Arm Intervention/treatment
Experimental: CBT-I delivery by video teleconferencing
Groups of participants will receive a cognitive behavioral therapy for insomnia program delivered by a trained psychologist using video teleconferencing.
Behavioral: Cognitive behavioral therapy for insomnia
A behavioral modification program consisting of 6 clinic sessions focused on sleep hygiene, stimulus control, sleep restriction, and cognitive restructuring.
Other Name: CBT-I

Active Comparator: In-person CBT-I delivery
Groups of participants will receive a cognitive behavioral therapy for insomnia (CBT-I) program by meeting in-person with a trained psychologist.
Behavioral: Cognitive behavioral therapy for insomnia
A behavioral modification program consisting of 6 clinic sessions focused on sleep hygiene, stimulus control, sleep restriction, and cognitive restructuring.
Other Name: CBT-I




Primary Outcome Measures :
  1. Change From Baseline in Insomnia Severity Index Score [ Time Frame: Baseline to 3 months ]
    Self-report questionnaire used widely to assess presence of insomnia and its severity. Scores range from 0-28. Higher scores indicate increasing severity of insomnia.


Secondary Outcome Measures :
  1. Change From Baseline PTSD Checklist-Military (PCL-M) Scores [ Time Frame: baseline to 3 months ]
    Self-administered validated questionnaire measuring PTSD severity. Scores range from 17-85. Higher scores indicate higher severity of symptoms.

  2. Change From Baseline Pittsburgh Sleep Quality Index (PSQI) Scores [ Time Frame: baseline to 3 months ]
    Self-administered validated questionnaire measuring subjective sleep quality. Scores range from 0-21. Higher score indicates worse sleep quality. Total score < 5 is associated with good sleep quality.

  3. Change From Baseline in Pittsburgh Sleep Quality Index Addendum for PTSD (PSQI-A) [ Time Frame: baseline to 3 months ]
    Measure of the sleep and dream disturbances often associated with PTSD. Scores range from 0-21. A higher score indicates higher frequency of disruptive nocturnal behaviors. Total score ≥ 4 can be used to indicate PTSD.

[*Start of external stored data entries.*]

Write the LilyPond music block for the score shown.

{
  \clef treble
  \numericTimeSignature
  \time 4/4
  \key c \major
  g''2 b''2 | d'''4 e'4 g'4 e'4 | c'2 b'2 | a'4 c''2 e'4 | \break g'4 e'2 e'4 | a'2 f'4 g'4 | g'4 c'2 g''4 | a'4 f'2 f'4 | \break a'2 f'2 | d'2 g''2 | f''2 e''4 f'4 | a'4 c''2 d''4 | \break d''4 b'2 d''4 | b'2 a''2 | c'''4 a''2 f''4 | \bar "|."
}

  4. Change From Baseline in Nightmare Distress Questionnaire Scores [ Time Frame: baseline to 3 month ]
    Measure of intensity of the distress associated with a nightmare. Scores range from 0-52. Higher score indicates increased nightmare distress.

  5. Change From Baseline Medical Outcomes Study Short Form-12 (SF-12) Mental Component Score [ Time Frame: baseline to 3 months ]
    Self-administered validated general health-related quality of life questionnaire to assess functional outcome. Scores range from 0 to 100. Higher scores indicate higher health function.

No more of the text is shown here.